Di cosa si occupa Antigone?
«L’attività principale è l’osservatorio sulle condizioni di detenzione: siamo la sola associazione in Italia e tra le poche in Europa che ogni anno è autorizzata dal ministero della Giustizia a entrare in tutti gli istituti penitenziari d’Italia con lo scopo specifico di monitorare. Chiaramente per adulti e per minori servono due autorizzazioni diverse: per i primi deve essere rilasciata dal Dipartimento dell’Amministrazione Penitenziaria e per i secondi dal Dipartimento di Giustizia Minorile e di Comunità. Per ogni istituto raccogliamo dati qualitativi e quantitativi e successivamente ne facciamo una descrizione completa, una raccolta dati e a fine anno pubblichiamo un rapporto. Per i minori ogni due anni. Da quest’anno, poi, cureremo un rapporto tematico solo sulle donne. Svolgiamo inoltre attività di informazione legale per aiutare i detenuti su tutte le questioni che hanno a che fare con la detenzione (domanda di trasferimento, salute etc). Per noi è importante che il carcere sia trasparente rispetto a tutta la comunità».
Da inizio anno ci sono stati 79 suicidi in carcere, il tasso più alto mai registrato. Come mai?
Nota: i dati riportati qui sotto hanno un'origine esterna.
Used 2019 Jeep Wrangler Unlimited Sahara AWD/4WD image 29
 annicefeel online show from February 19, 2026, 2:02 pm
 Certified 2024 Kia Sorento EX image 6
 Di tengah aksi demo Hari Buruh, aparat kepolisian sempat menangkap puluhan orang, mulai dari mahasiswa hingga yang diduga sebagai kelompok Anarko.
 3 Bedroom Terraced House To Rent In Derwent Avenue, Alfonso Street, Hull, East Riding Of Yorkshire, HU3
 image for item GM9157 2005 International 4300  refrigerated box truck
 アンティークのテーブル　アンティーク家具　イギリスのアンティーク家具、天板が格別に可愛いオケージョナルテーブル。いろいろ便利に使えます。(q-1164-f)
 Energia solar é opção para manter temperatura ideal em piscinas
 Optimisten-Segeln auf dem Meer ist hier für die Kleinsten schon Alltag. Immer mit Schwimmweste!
«Sì, è il tasso più alto mai registrato. Abbiamo visto, analizzando tutti questi numeri, che intanto ci sono molte più donne del solito. Successivamente spicca il numero degli stranieri. Di solito gli stranieri nelle carceri sono circa il 30-34% e circa la metà dei suicidi sono stati commessi da persone straniere. L’incidenza è molto più elevata rispetto ai detenuti italiani. È sempre molto complicato seguirne l’andamento. Per esempio un terzo dei casi era affetto da patologie psichiatriche o da dipendenza».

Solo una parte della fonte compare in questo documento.